Electric cars and energy storage for renewable sources have been driving the increases in price and demand for these sectors. Let’s take a look at the specific momentum that has been growing since 2014.

The Momentum

Political and social:
2014

  • Obama reveals clean energy plan: The push will involve more than $1 billion in government funds to back new clean energy and energy efficiency projects along with funding research and development of new energy technologies.
  • Who were the biggest investors in renewable energy in 2014?
    China ($83.3 billion), USA ($38.3 billion), and Japan ($35.7 billion)

2015

  • Volkswagen DieselGate scandal causes uproar, as it becomes clear that millions of the company’s vehicles have cheated emissions tests for years
  • Elon Musk announces a mandate for Tesla Motors to acquire raw materials from the USA when possible.
  • 4,000 people die, each day, of pollution related deaths in China alone.
  • The United States deems lithium as a strategic metal and doesn’t give any statistics of its reserves or production.

Business:
2014

  • Tesla reveals plans to build $5 Billion Gigafactory in the Southwestern US.
  • Tesla announces Nevada as the site of its already-famous Gigafactory project.

2015

  • The 1 millionth electric car is built in September 2015.
  • Report surfaces that Apple plans to ship driverless cars by 2019.
  • Google’s self-driving cars reach the milestone of 1 million miles driven autonomously.
  • Tesla takes $800 million in orders for its new home batteries in just two weeks.
  • A TSX-V traded company was the most recent recipient of an off take agreement to supply Tesla with Lithium Hydroxide.
  • Volkswagen’s stock price gets crushed over 30% in the aftermath of DieselGate.
  • FMC recently announced an “across the board 15% increase in price” in all finished lithium products.
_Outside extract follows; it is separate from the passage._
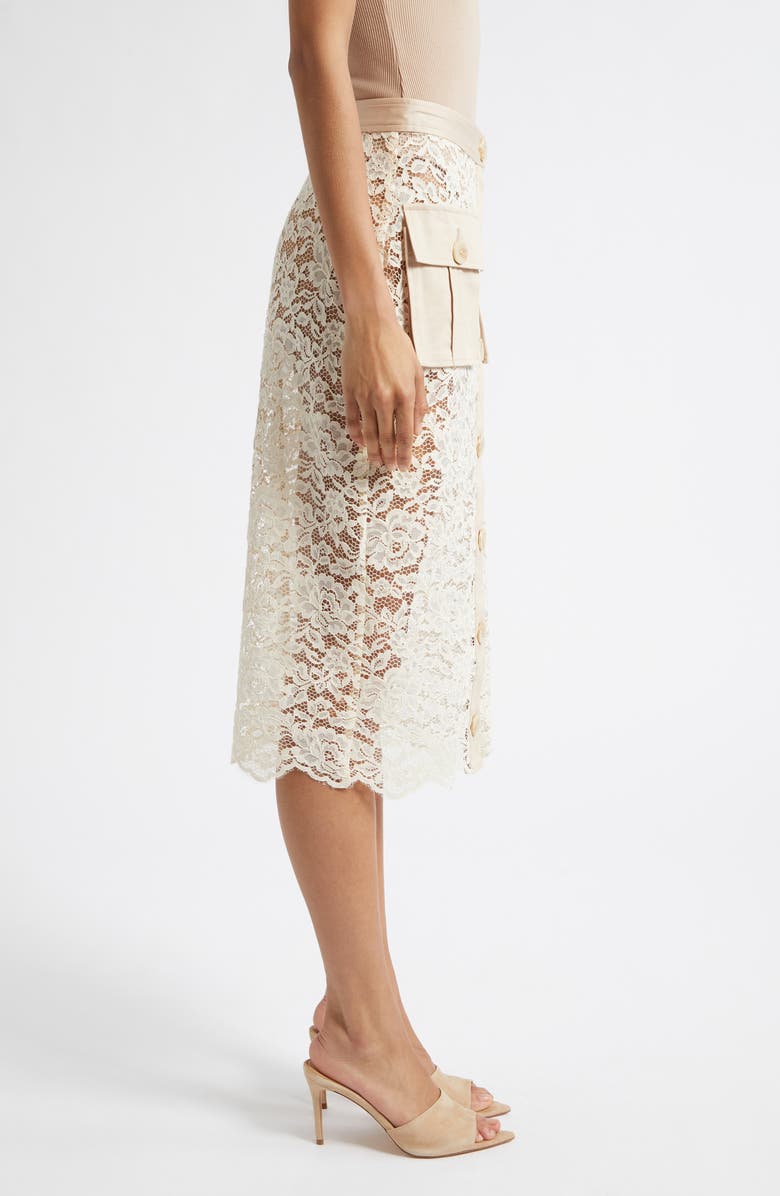 L'AGENCE Shae Mixed Media Cotton Blend Lace Skirt, Alternate, color, Biscuit/ Ecru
Lithium Hydroxide rose from $9,500 per ton, up to $10,870. Lithium Carbonate from $6,500 per ton up to $7,475 USD.

General Trends:

  • Charging stations have increased rapidly around the world.
  • Every major auto manufacture has more than one fully electric car. Some automakers mandate is to have an electric version of every model.
  • The oil price has hit a 6.5 year low, yet electric vehicle sales have held momentum.
  • Lithium battery manufacturing costs are dropping in price while lithium battery technology is getting better.
  • New technology is decreasing the charge time for electric cars. Meanwhile, “miles per charge” is rising, and some cars can even recharge wirelessly.
  • There’s a greater interest in looking after the environment with a continued scare of global warming.
  • Wind and solar storage needed to regulate output of electricity back to the grid.
  • China is a nation now giving priority to EV cars on their highways and parking lots.

Green Shift

The above momentum means energy metals like lithium could continue to buck the general trend of global commodities. So far, the price of lithium has increased steadily since 2011.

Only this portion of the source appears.